Apache OpenOffice (AOO) Bugzilla – Issue 46015
RegEx: Allow less greedy regular expressions
Last modified: 2017-05-20 10:04:42 UTC
At the moment, regular expressions in OOo are always greedy. It would be nice to be able to make them a bit less greedy... :-) (In other regexs, this is often implemented by a Question Mark.) In combination with issue 15666, the Search-And-Replace with regular expressions would be much more powerful. For more information about the greediness of regexs, look at section 5.2 (para "And Quantifier Again") of: http://www.regenechsen.de/regex_en/regex_3_en.html <Quote> Ok, now let's move on to some special behaviour relating to quantifiers, Some of them have a 'human' peculiarity: they are greedy! You don't believe that? Well, look at the following string <g>: "The abbreviation 'ISP' stands for 'Internet Service Provider'." We want a regex that finds the text that is enclosed by inverted commas and stores it in a subpattern: "(.*)'(.*)'.*" Nothing difficult really: find everything that comes before an inverted comma, then everything in between and finally everything that follows… And? Did you try it on the regex-tester? What is in subpattern 2? "Internet Service Provider". Ooops, I expected "ISP" because it comes first in the string. :-o It is quite obvious that the first group (.*) greedily matched most of the string and left only what was at least necessary for subpattern 2 to match the whole string. Furthermore, the last element ".*" in the regex allowed 'nothing' or void to follow. Keeping this in mind: this part leads to a successful match even if nothing is to be matched. The star stands for as many appearances as there are or none at all! [...] Conclusion: Alter the Regex to "(.*?)'(.*?)'.*". </Quote>
Hi erpel, thanks for using and supporting OpenOffice.org... reassigned to requirements...

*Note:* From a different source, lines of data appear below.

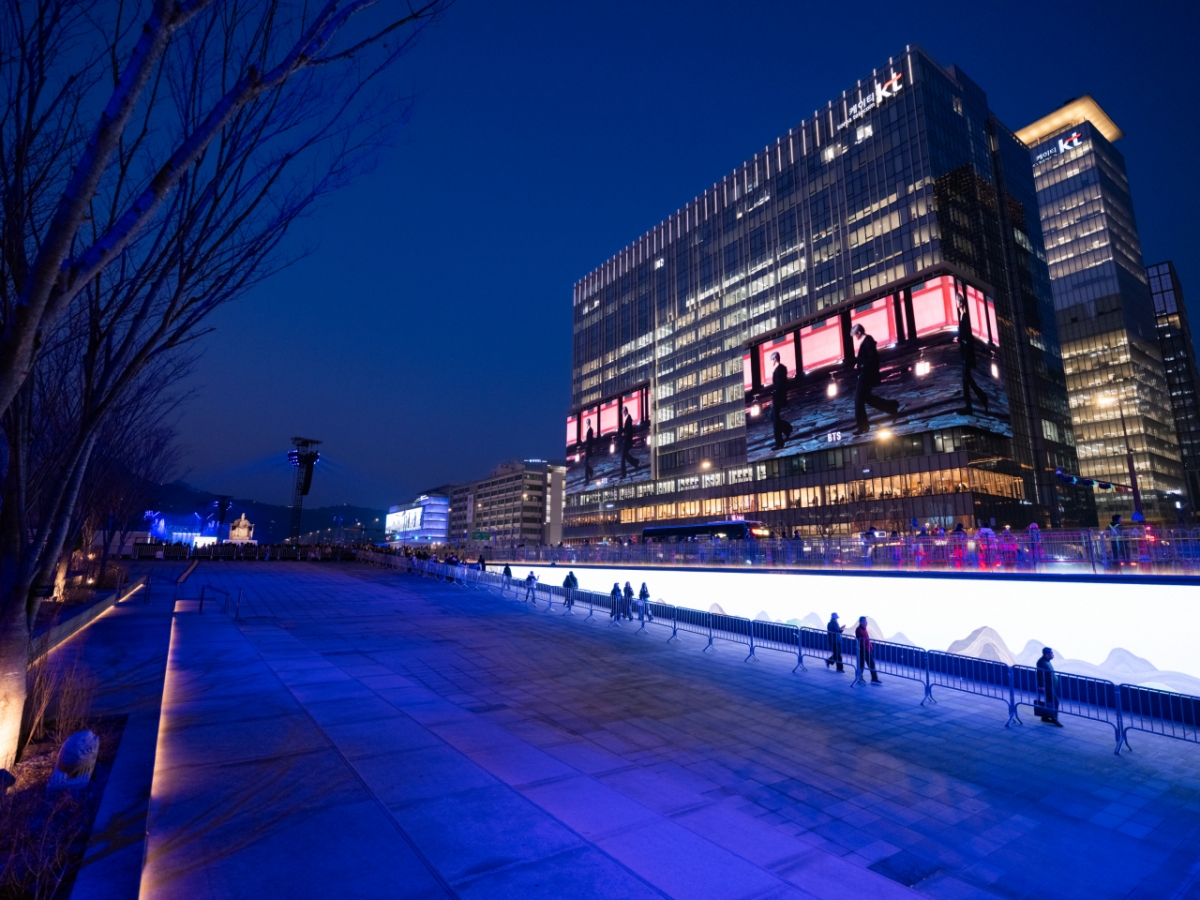 20일 저녁 광화문광장 인근 건물 대형 옥외전광판에서 방탄소년단의 '워킹 영상'이 글로벌 최초 공개됐다. /사진제공=서울시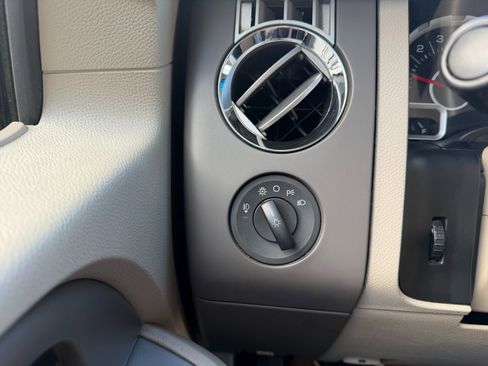 Used 2011 Ford Expedition EL XL w/ HD Trailer Tow Pkg image 18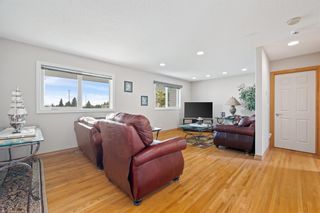 Photo 3: 5639 Centre Street NW in Calgary: Thorncliffe Detached for sale : MLS®# A2049832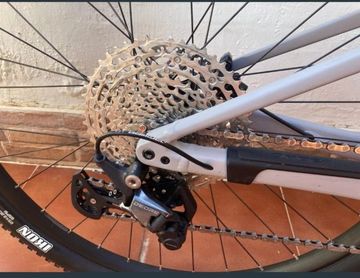 Orbea OIZ H30 2021 2021 Mountainbike usato, Grigio chiaro — immagine 5 di 9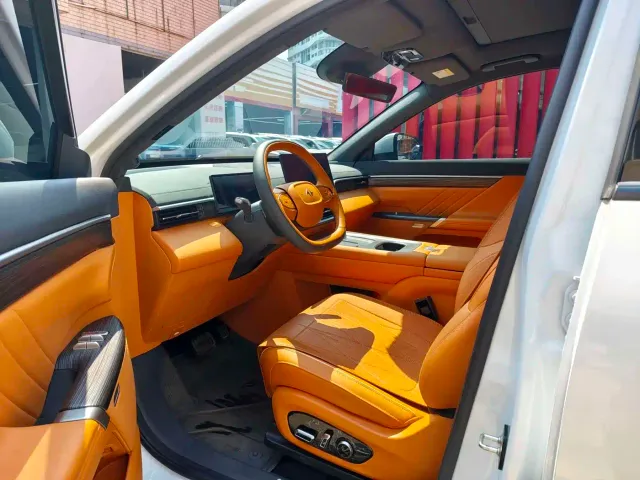 Dongfeng eπ 008 — Фото автомобиля 4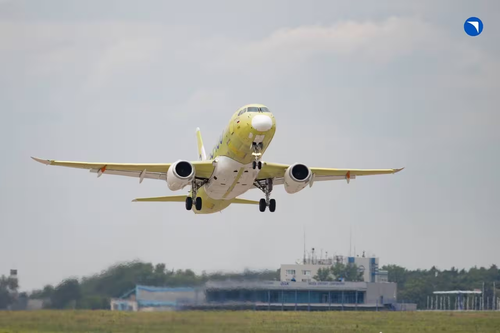 Самолёт Superjet 100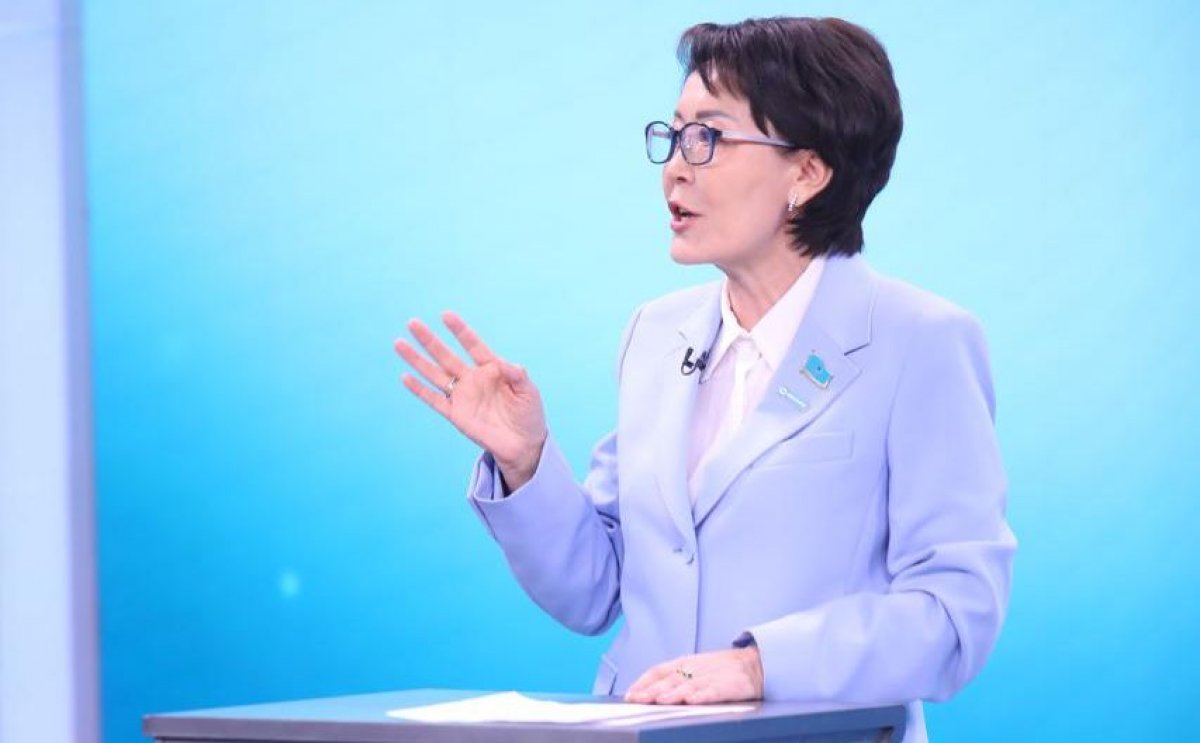 Унзила Шапак: Обновление Конституции - закономерный этап правового развития Казахстана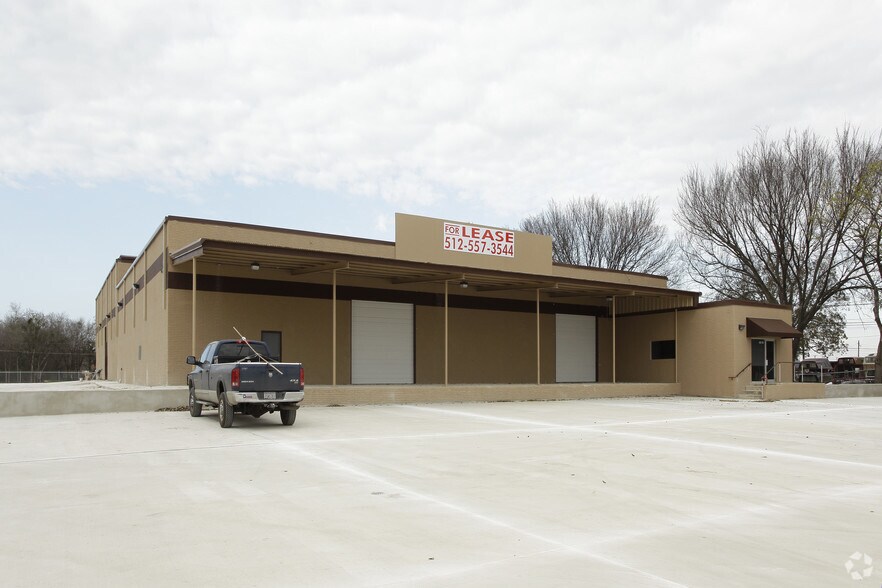 Primary Photo Of 1971 N I-35, San Marcos Warehouse For Lease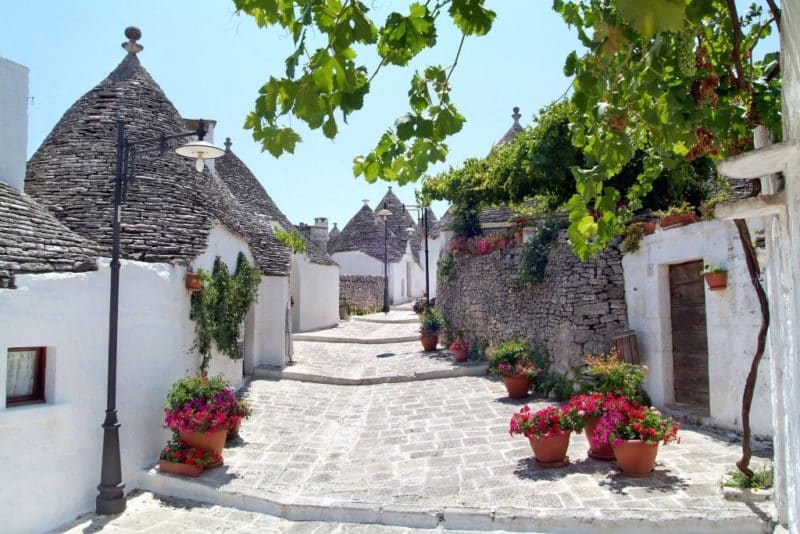 italien apulien alberobello trullis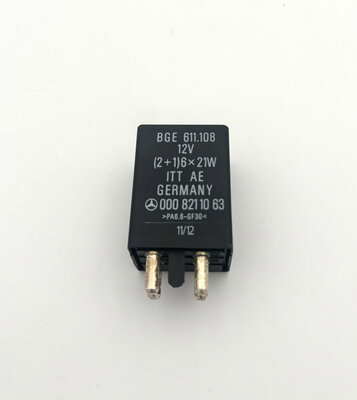 Blinkgeber 12V 2+1/6x21W Ref.0008211063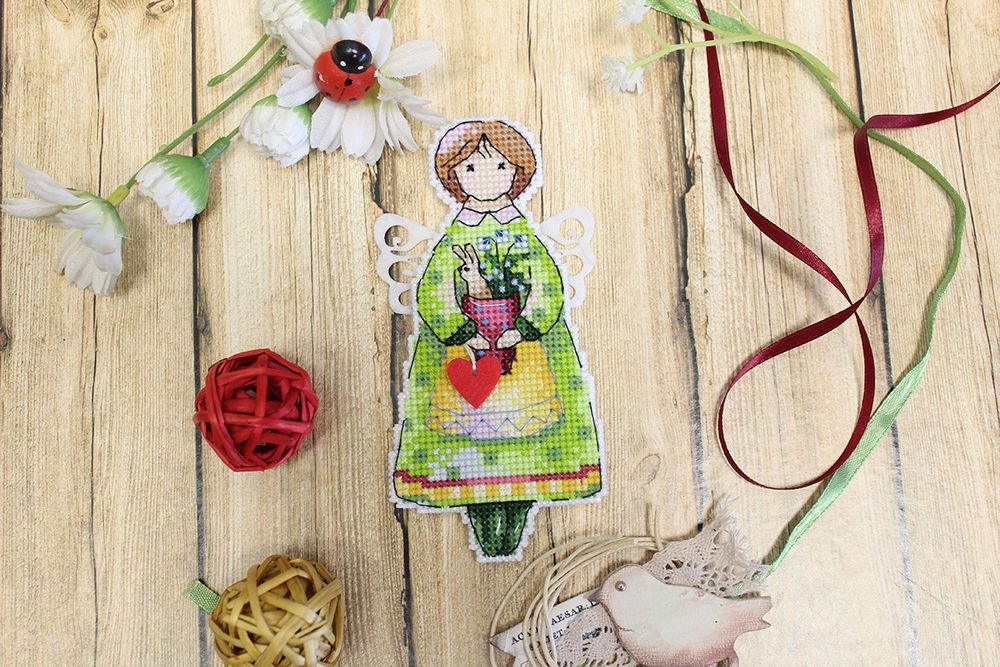 Набор для вышивания нитками МП Студия (Жар-птица), Ангел весны, 13х6 см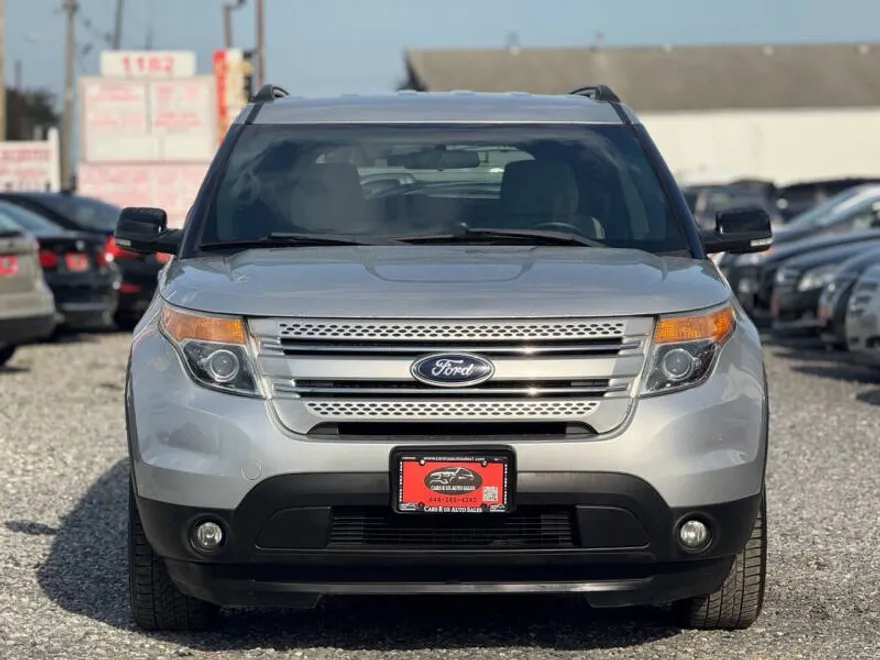 2014 Ford Explorer XLT photo 1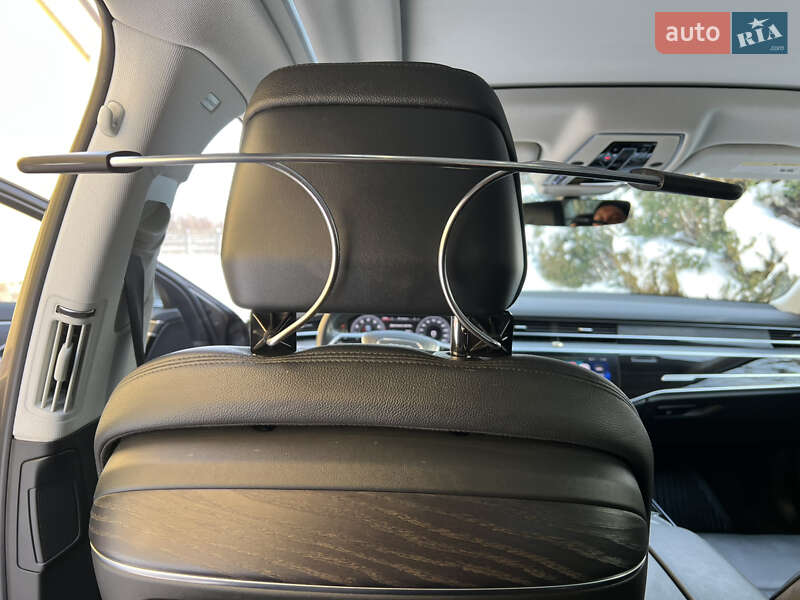 Седан Audi A8 2019 в Львове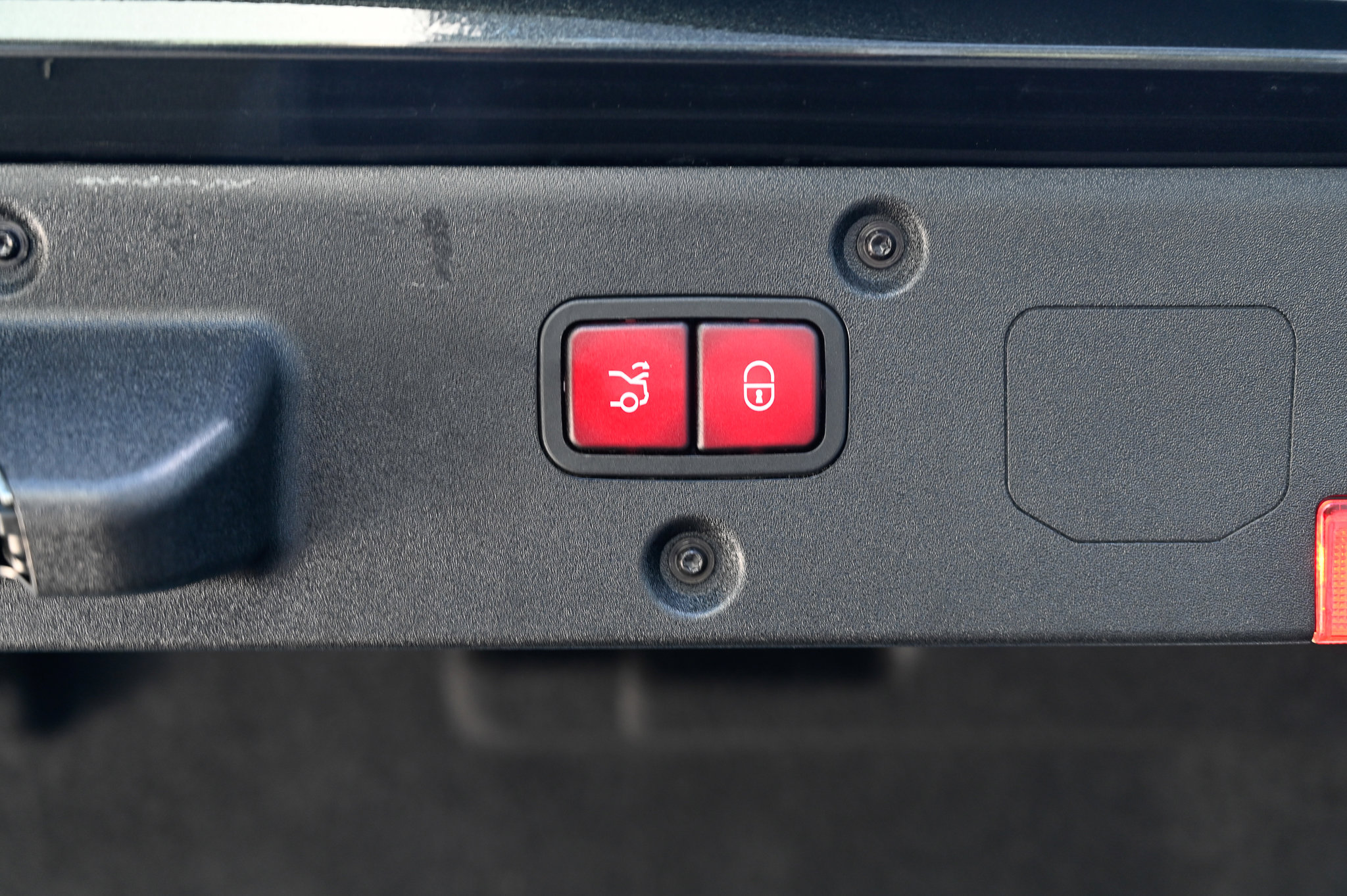 Used 2013 Mercedes-Benz CL 550 4MATIC image 38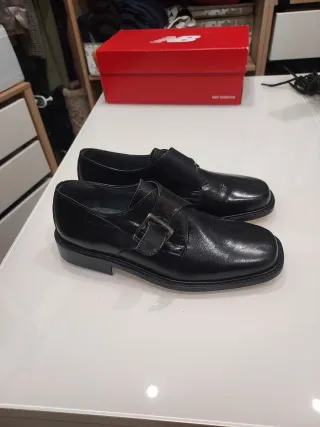 Zapatos de piel negros con hebilla nuevos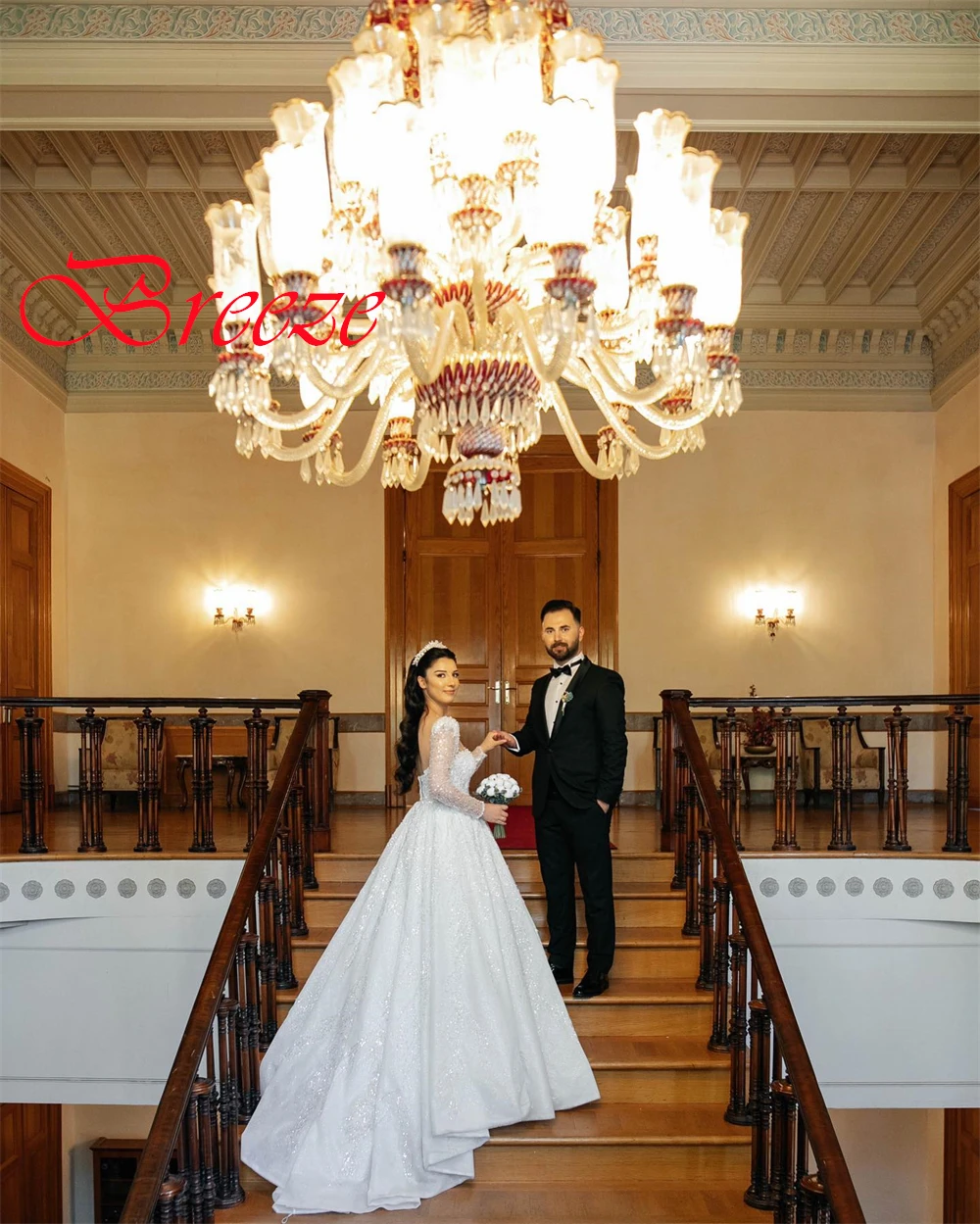 맞춤형 로맨틱 구슬 장식과 스팽글 Organza 웨딩 드레스 절묘한 스퀘어 칼라 긴 소매 채플 트레인 신부 가운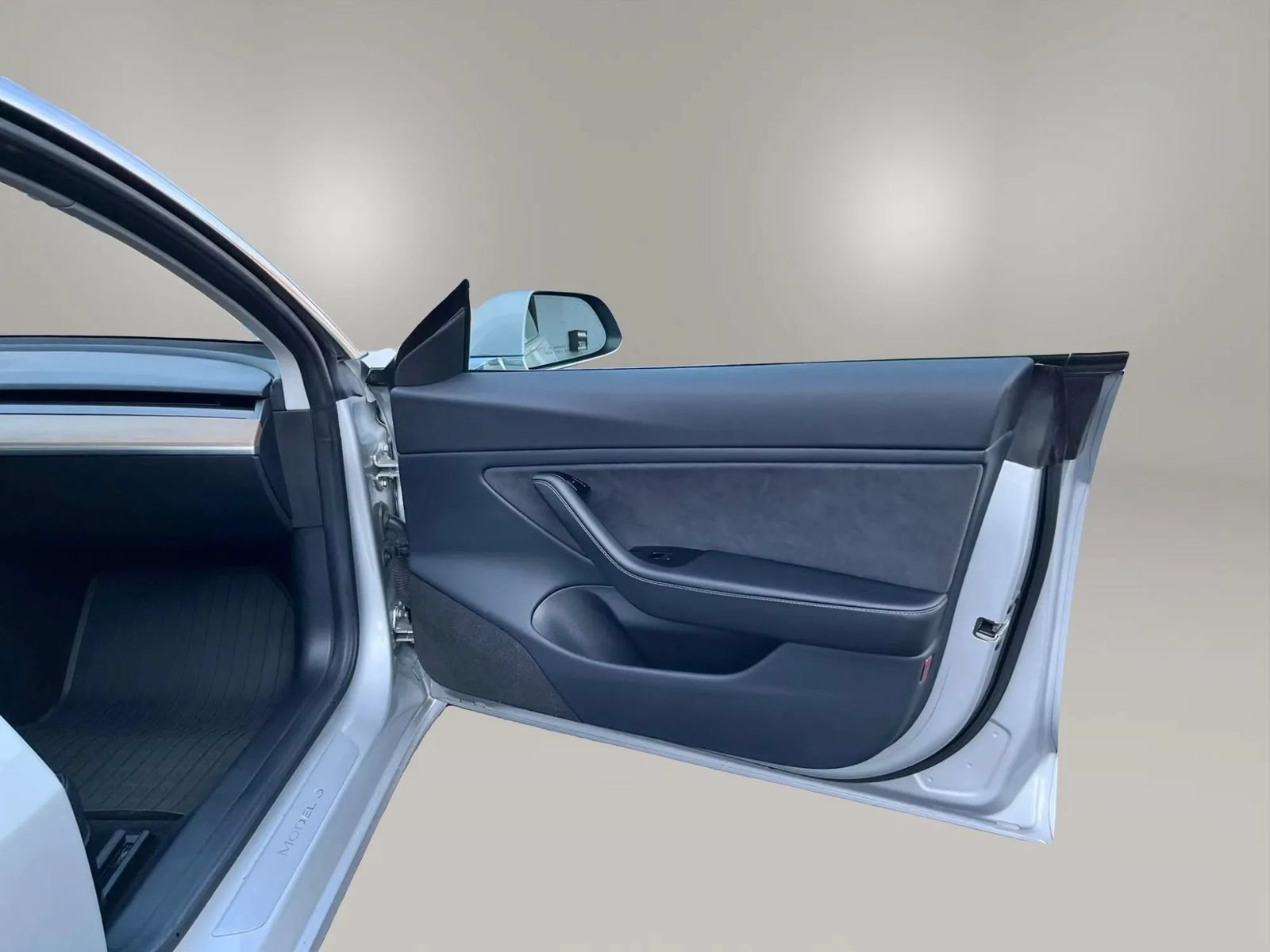 Used 2018 Tesla Model 3 Long Range RWD image 16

*** Issue 46015 has been confirmed by votes. ***
This is a important feature! Example: I have to search and replace expressions in double-square-brackets like [[this is some text]]. In the moment it is not possible to search for such strings if there are more than one in a paragraph! Example: in "sentence is [[123]] an so on [[456789]] etc." the search for the regex \[\[.*\]\] returns "[[123]] an so on [[456789]]" because it is "greedy". There is really urgent need for the "lazy"-operator "?".
Since Apache OpenOffice 3.4, the engine of the regular expression has been replaced with the one from ICU and more powreful. The requested function should work with it.